Colin Watson (cjwatson) wrote 18 hours ago: #16
I've posted a merge request upstream:
https://salsa.debian.org/kernel-team/initramfs-tools/merge_requests/6
"
->
"
Opened Jun 21, 2018 by Colin Watson at cjwatson 1
Only sync the filesystem containing the initramfs
This avoids update-initramfs taking an unnecessarily long time if
there is lots of activity on a different filesystem, or even hanging
in cases such as a stale NFS mount.
Based on a patch by Jukka Tastula poltsy at gmail.com.
Closes: #882380 LP: #1667512 Signed-off-by: Colin Watson cjwatson at debian.org
"
Now, here's a suggestion...
When I had tried to do the system update on my souper dooper computer,
it woiuld not allow it - apparently, the Ubuntu base part of the
update, required about 500MB of free disk space, which was not
available, so (thankfully, in the circumstances) the system update did
not proceed, and, so, I proceeded to apply the system update, in
parts, excluding the part that is the Ubuntu base part.
Now, the point here, is that the software update facility checked for
sufficient free space, and, provided an explanatory error message,
with suggested correction, instead of proceeding.
So, the question arises; given that
"
Bug #1667512 reported by tbenst on 2017-02-23
"
and that bug has not been fixed, and
"
azizLIGHT (azizlight) wrote on 2018-04-09:
atom's suggestion to stop all disk operations was the key to fixing this
"
and
"
Colin Watson (cjwatson) wrote on 2018-06-20"

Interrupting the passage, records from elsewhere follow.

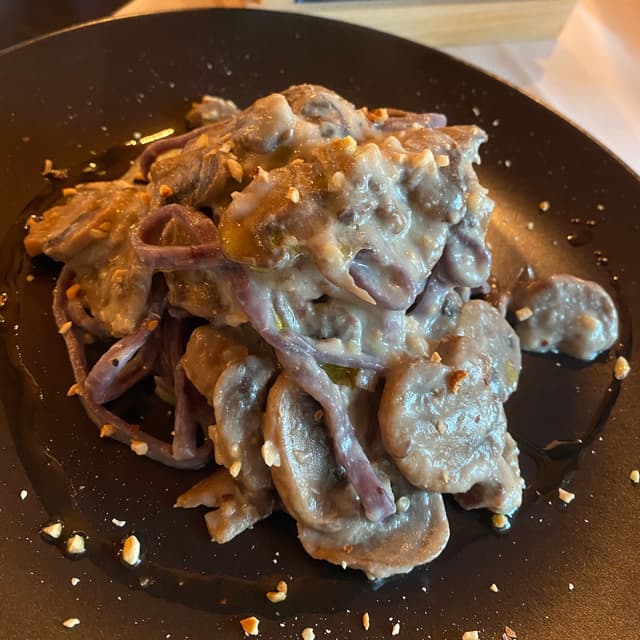 Foto del piatto “Tagliolini ai mirtilli con crema di porri, funghi e nocciole”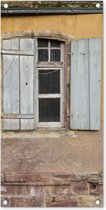 Tuinposter Oud raam met oude luiken - 40x80 cm - Wanddecoratie Buiten - Tuinposter - Tuindoek - Schuttingposter - Tuinschilderij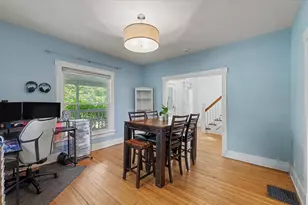 511 W Columbia Ave, Champaign, IL 61820 - Photo 8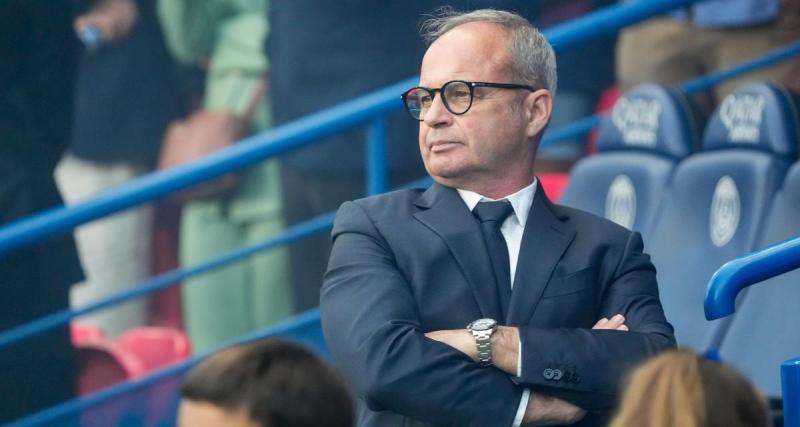  - PSG - Mercato : une agente lâche une balle perdue sur Luis Campos
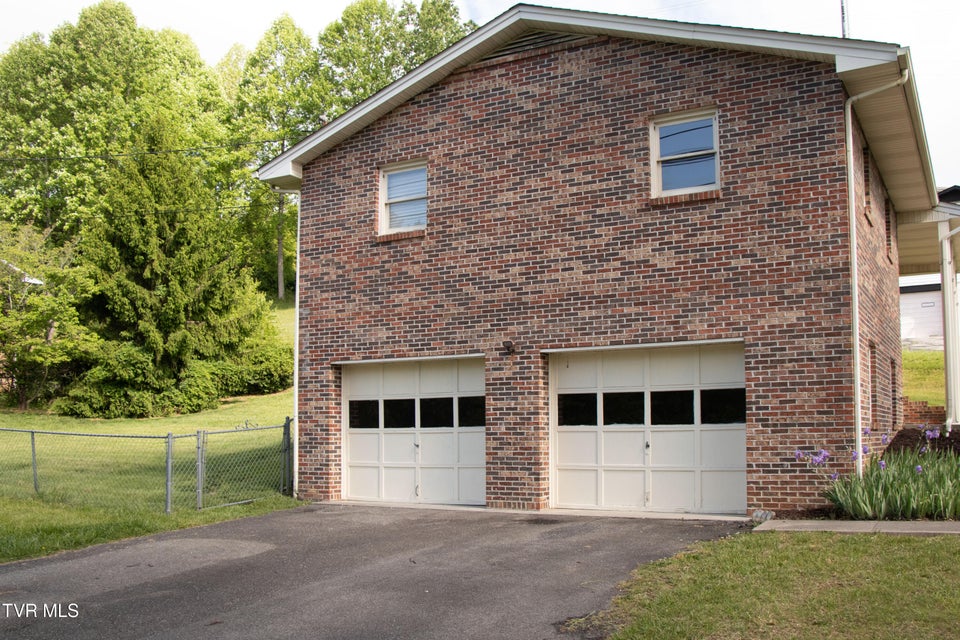 Photo #5: 22234 Pinebrook Drive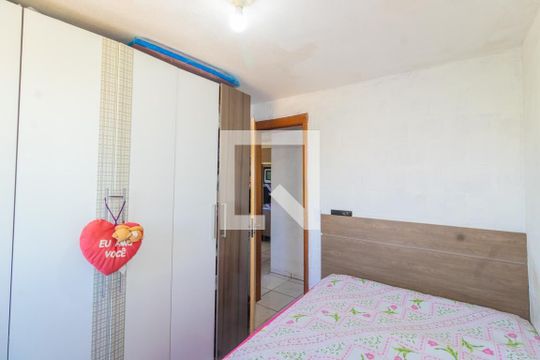 Quarto de apartamento à venda com 2 quartos, 48m² em Olaria, Canoas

Re comment #7, coreutils 8.24 added the ability to do "sync -f
FILENAME" to sync only the file system containing FILENAME. I think
update-initramfs should probably be changed to use that in xenial and
newer.
"
and
"
Colin Watson (cjwatson) wrote on 2018-06-20:
(A versioned Depends or versioned Breaks as appropriate on coreutils
would probably be a good idea, at least in xenial to avoid upgrade
problems from trusty.)
"
would it not be a wothwhile idea, to, where a contraindication is
found, for the updating software (the software doing the updating
process, not the software being updated), to check the applicable
conditions at the time of the software update request, and to halt the
update process, and display an error window listing conditions from
which problems are likely to arise, with the update process beinbg
applied with those conditions existing, and, suggested actions the
clear the conflicting conditions, so as to allow the update process to
proceed without problems?
As examples, in this case, if no other way of dealing with the
external HDD I/O errors, is available, to cease the disk operations, a
system reboot, before the update procedure, proceeding, could have
allowed the update process to complete, with (possibly?) following the
post-update system reboot (or, the system reboot before the update),
with running fsck on the external HDD? Also, in the case of a firefox
update, the software update software checking whether an instance of
firefox is running, and, if so, requiring it to be closed (and,
extinguished from processes that are running).
It may also be that, depending on possible contraindications of
software updates, it is worthwhile to require a system reboot, with no
new tasks opened, before allowing a software update to proceed.
These suggestiions should, I expect, have averted this problem that
has arisen with my system.
And, whilst I/O problems may be shown with my external HDD, in this
case, which, you contend, resulted in the initramfs problem, causing
the system to become unstable and, apparently, not rebootable, if, as
you appear to indicate, "the "sync" in update-initramfs was introduced
before 16.04(.0) was released", and, that, the presence of ongoing
disk operations, was KNOWN to cause this critical problem, why was a
check for disk operations, not mandatorily included in the update
procedure, requiring an absence of contraindicatory disk operations,
to avert this critical system failure scenario?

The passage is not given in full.